## Brief
Leave every image out, and return the rest of the data word for word.

─── Supplied records

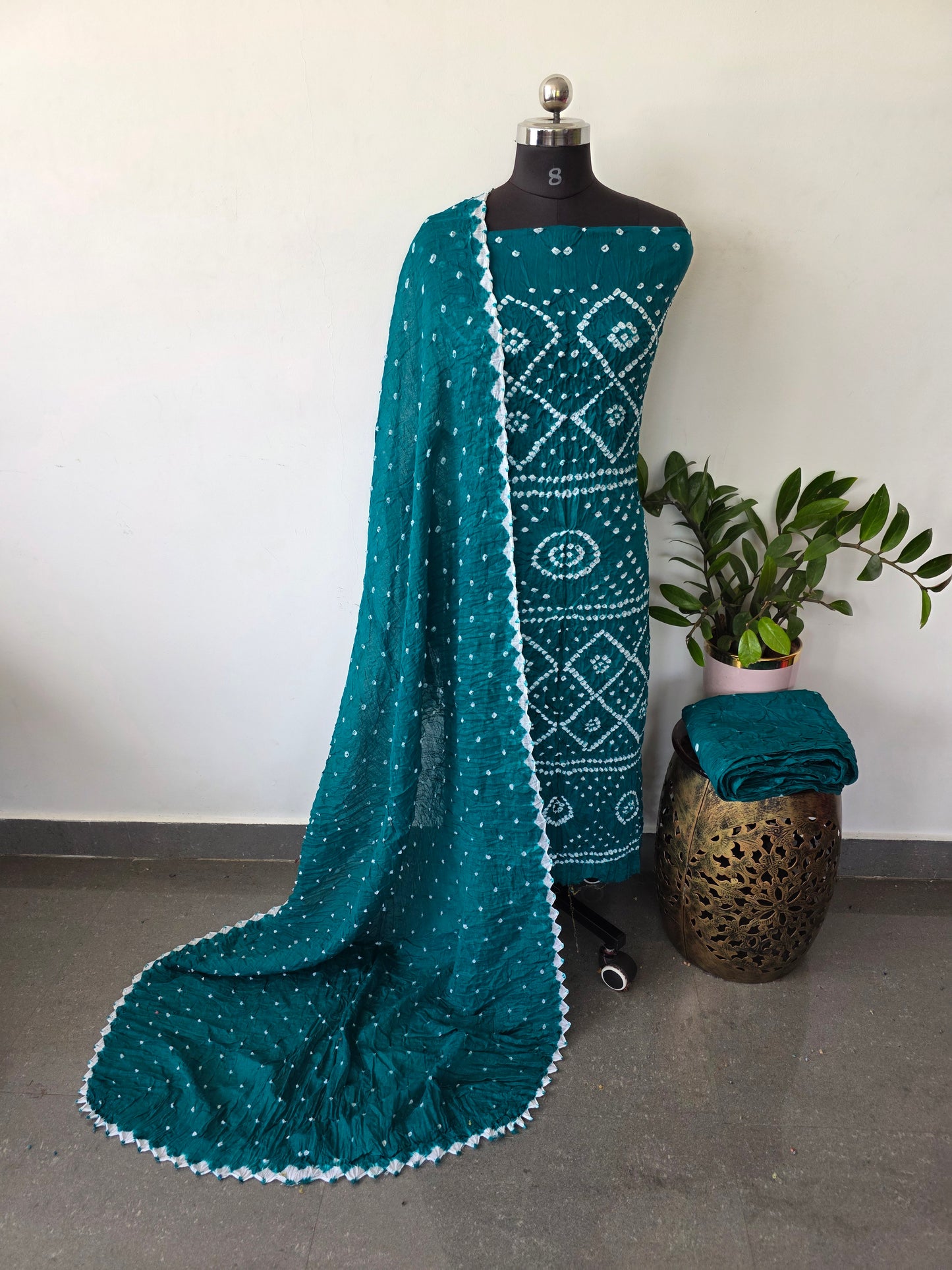 Handcrafted bandhani cotton set -B57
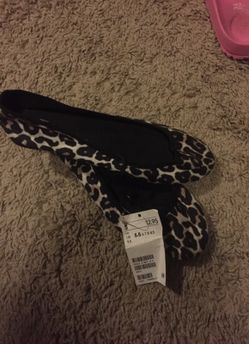 Size 5.5 h& m flats tags still on
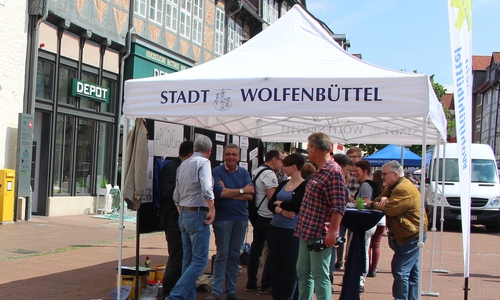 Die Stadt Wolfenbüttel informiert in der Fußgängerzone. Symbolfoto: Nick Wenkel/Archiv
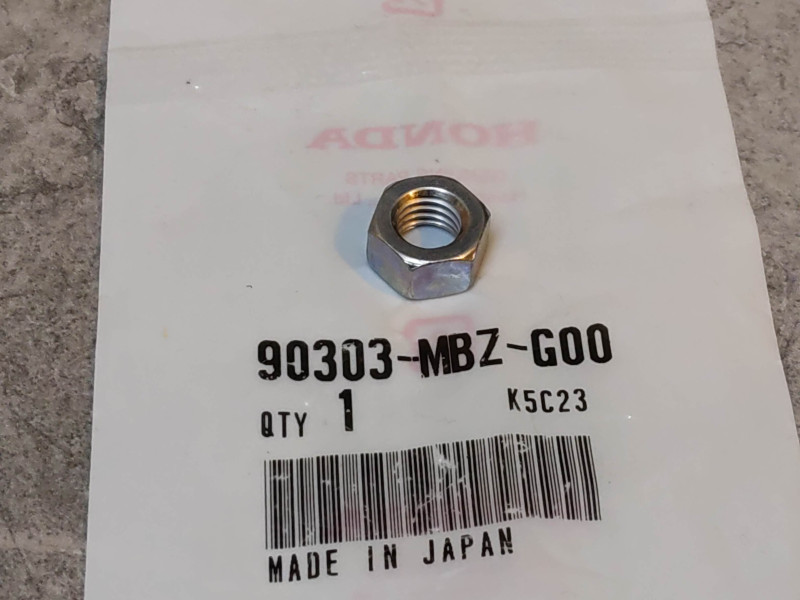 Ecrou 8 mm HONDA 90303-MBZ-G00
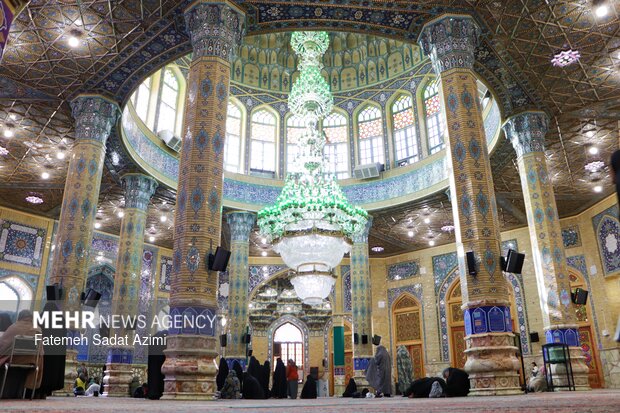 مسجد جمکران در آستانه نیمه شعبان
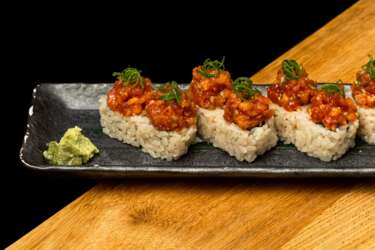 Tuniakový tatarák rolka / Tuna tartare roll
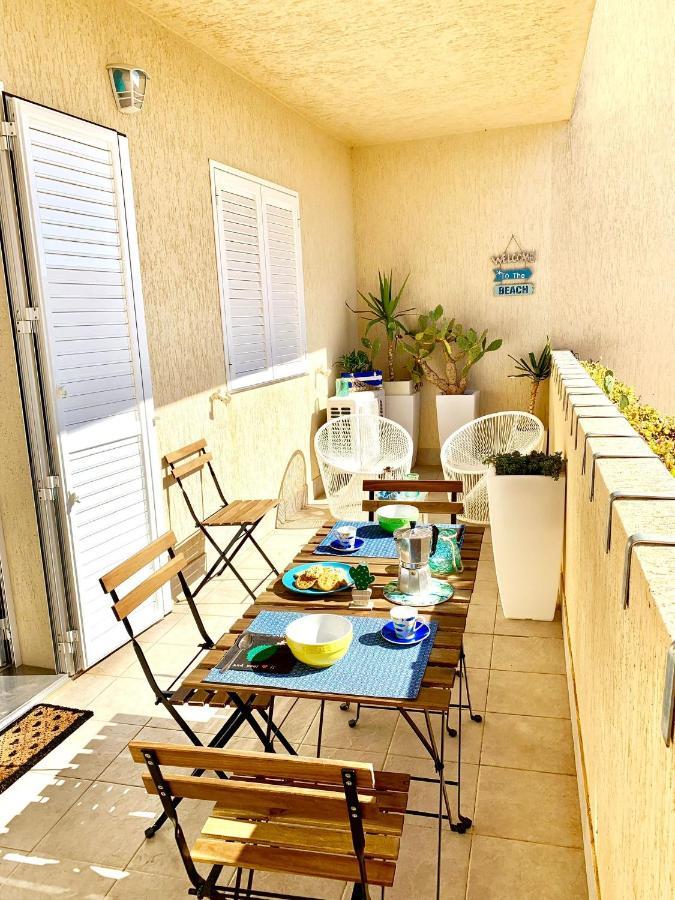 Dame' Apartamento Marina di Ragusa Exterior foto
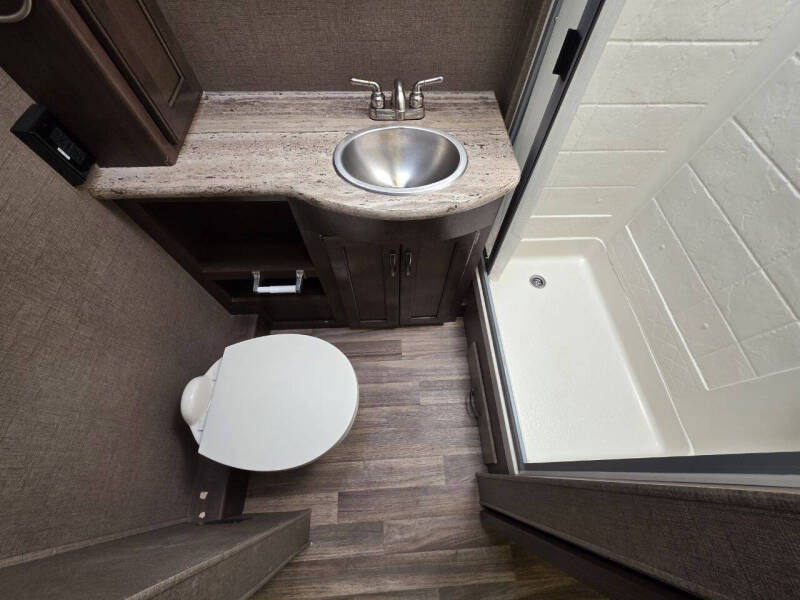 2018 Thor Motor Coach Ace 29.3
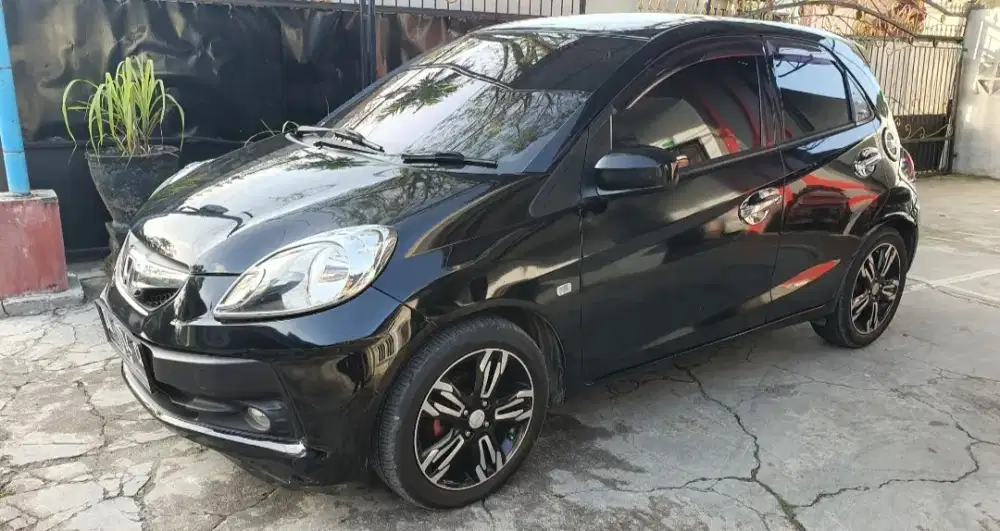 Honda Brio E Matic Hitam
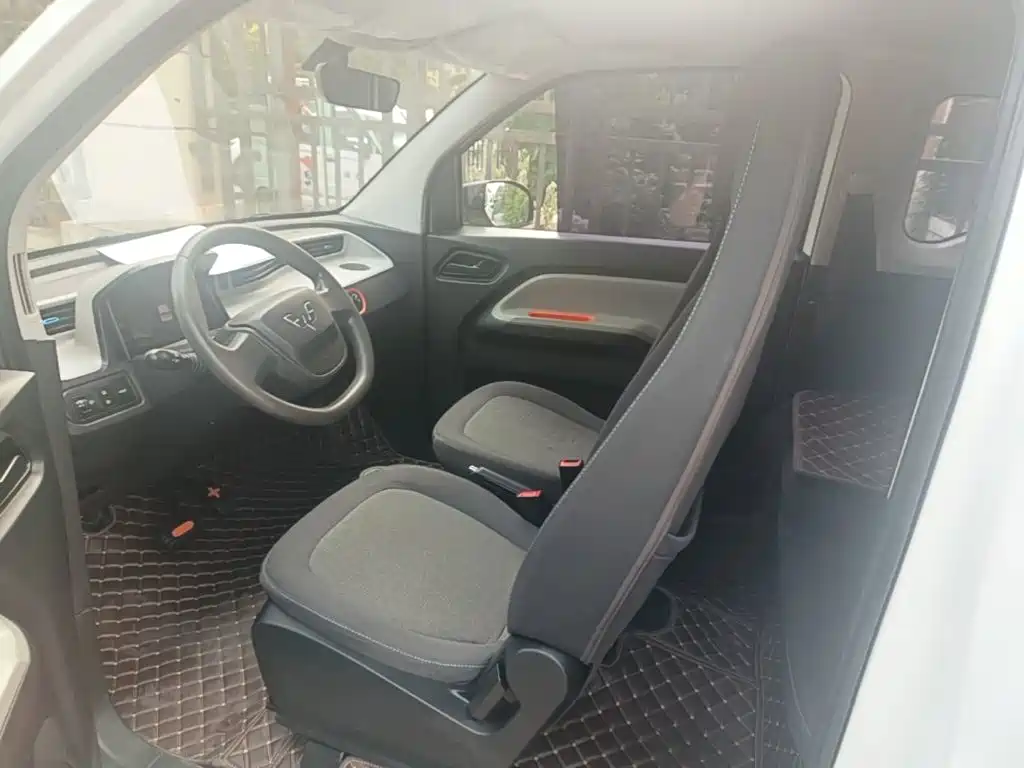Wuling MINIEV — миниатюра 15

──────

## Solution
 Handcrafted bandhani cotton set -B57
 Size 5.5 h& m flats tags still on
 Die Stadt Wolfenbüttel informiert in der Fußgängerzone. Symbolfoto: Nick Wenkel/Archiv
 Ecrou 8 mm HONDA 90303-MBZ-G00
 مسجد جمکران در آستانه نیمه شعبان
 Tuniakový tatarák rolka / Tuna tartare roll
 Dame' Apartamento Marina di Ragusa Exterior foto
 2018 Thor Motor Coach Ace 29.3
 Honda Brio E Matic Hitam
Wuling MINIEV — миниатюра 15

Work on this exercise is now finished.